(Problem requirements)
Lines from the line with "Kia Sportage, 2012 — фото 10" to the line with "HUIMYUE caja-regalo de" in the entries below, and only those, must be output exactly, with both ends included.

== Information provided

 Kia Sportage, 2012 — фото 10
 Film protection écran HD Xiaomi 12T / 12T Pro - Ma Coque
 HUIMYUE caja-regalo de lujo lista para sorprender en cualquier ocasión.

====
== Information provided

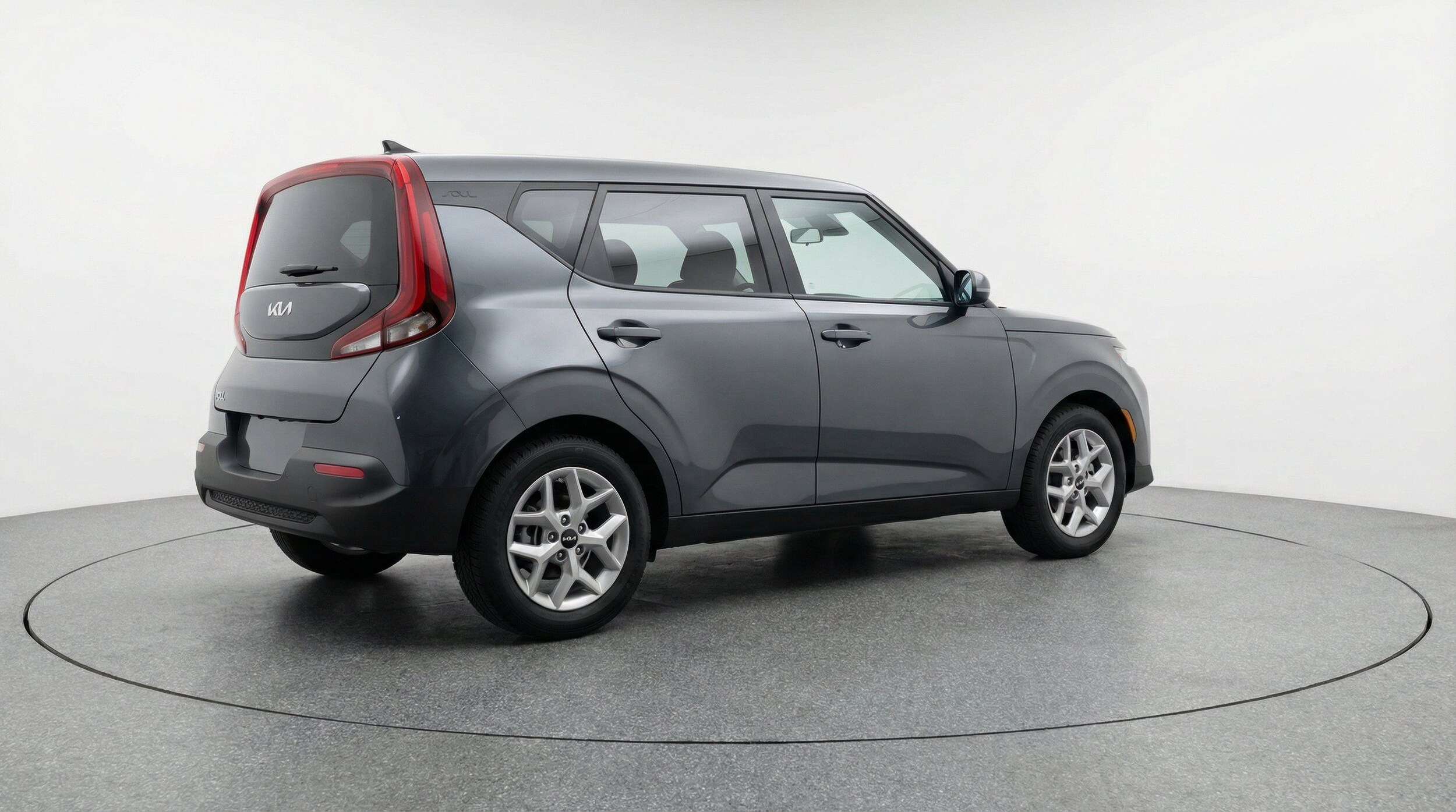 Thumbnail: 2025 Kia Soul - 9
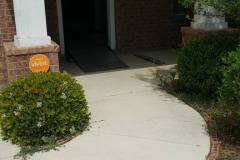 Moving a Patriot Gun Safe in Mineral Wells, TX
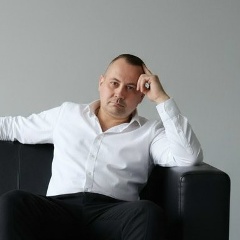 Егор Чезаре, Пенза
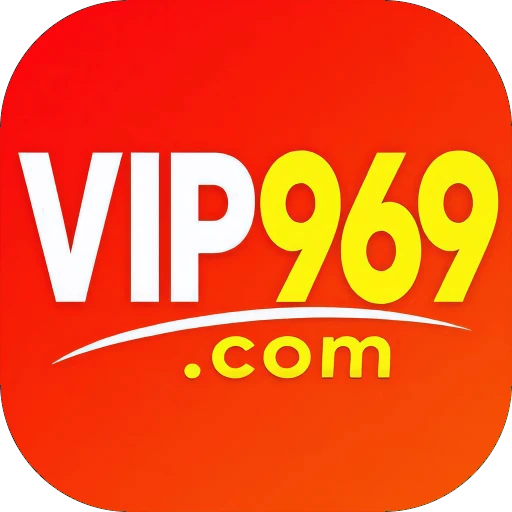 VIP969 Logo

====
== Information provided

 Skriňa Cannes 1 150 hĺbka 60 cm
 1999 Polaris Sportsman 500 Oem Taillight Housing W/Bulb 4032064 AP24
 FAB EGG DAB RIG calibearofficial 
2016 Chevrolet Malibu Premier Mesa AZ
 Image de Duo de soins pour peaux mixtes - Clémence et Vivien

====

(Task response)
 Kia Sportage, 2012 — фото 10
 Film protection écran HD Xiaomi 12T / 12T Pro - Ma Coque
 HUIMYUE caja-regalo de lujo lista para sorprender en cualquier ocasión.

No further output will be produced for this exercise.